PROGRESS

by Daughter Fish

One of the things I love about sewing clothing is that each garment acts as a sort of wearable journal entry. I remember where I bought the fabric, what I was doing when I sewed it, and what new techniques I was testing out. This linen dress, which I finished for last week’s Sew Weekly challenge (UFOs: un-finished objects), shows how I’ve grown this past year as a seamstress.

I started the dress last summer as a circle skirt. I’d just begun sewing again, after a many-year’s hiatus, and was easing back into the game with some simple projects. The  skirt hung cut (but not sewn) until the end of September, when the turning leaves marked the official close of pink-skirts-for-summer season.
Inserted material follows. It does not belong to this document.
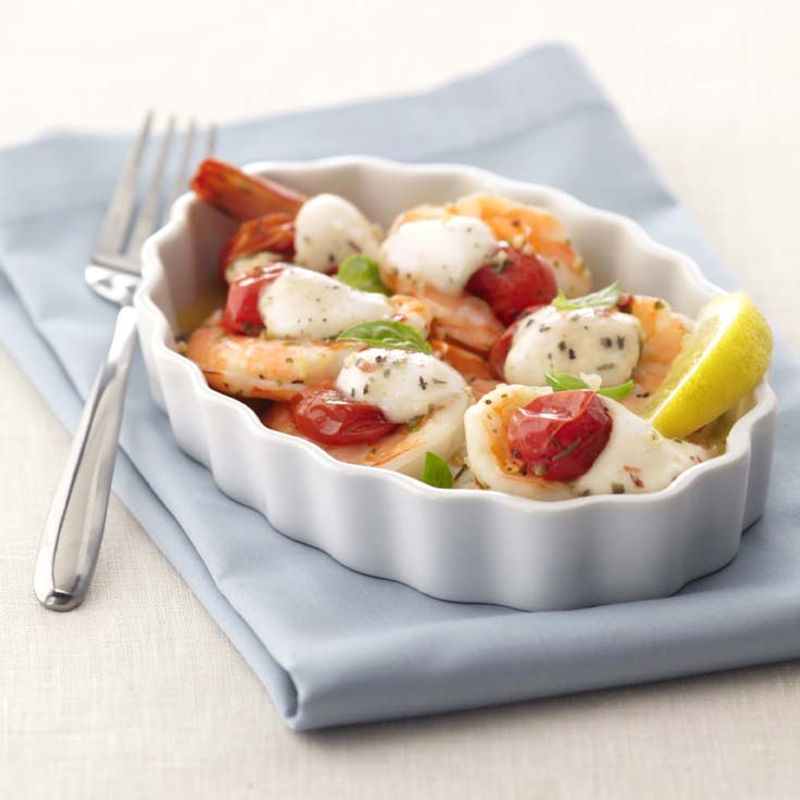 Garlic Basil Shrimp Caprese Bake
At some point in the winter I saw a Cynthia Rowley pattern with ruffles around the neckline and was inspired to make the circle skirt into a dress with similar details. By this point, I’d gotten a little braver with my sewing, but hadn’t designed my own bodice block yet. I wasn’t very scientific about it, and used a favorite tank top as the inspiration for the athletic-cut back.

I like certain parts of the dress, such as the pleats at the waist, and the sporty line of the shoulders and neckline. For the ruffles, I used two strips of fabric I cut from the hem. I bunched them around the neckline and top stitched them with dark purple thread. The fringe will continue to ravel, which will continue change the dress, and I like that.
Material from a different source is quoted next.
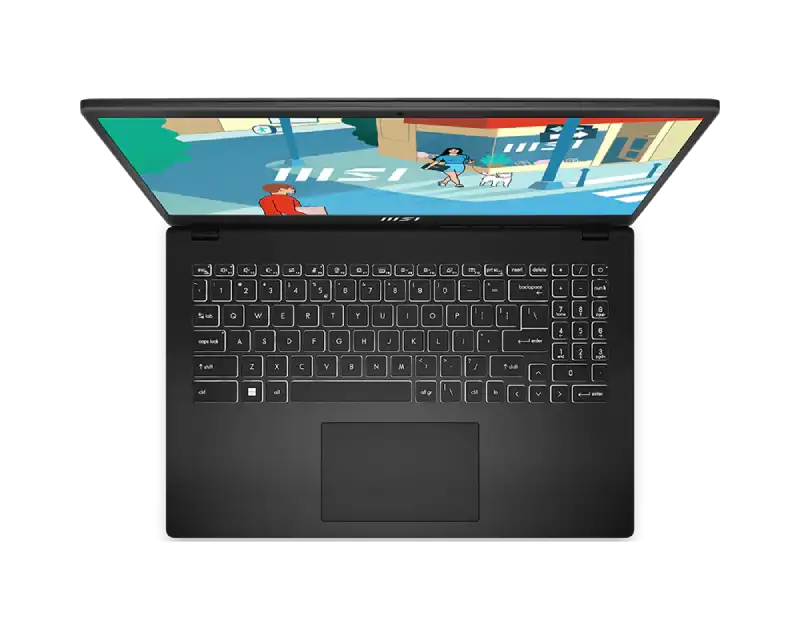 Top-down view of the MSI Modern 15 H B13M-225IN laptop featuring a classic black chassis and full-size backlit keyboard.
Now the parts I hate. That bodice back? A train wreck. The zipper buckles and the sides sag. I sewed two darts into the shoulders, because the armholes gaped, and now they poke out in what I’m calling shoulder nipples.

Thanks to these Anthropology-like shots, taken by my friend H. with her snazzy SLR camera, you can focus on the pretty lights and 4th of July festivities in my friend’s backyard, and not tune in Tokyo on my shoulder blades.

I do, however, love the way the skirt flows. It’s pretty hard to screw up a circle skirt, no matter your skill level.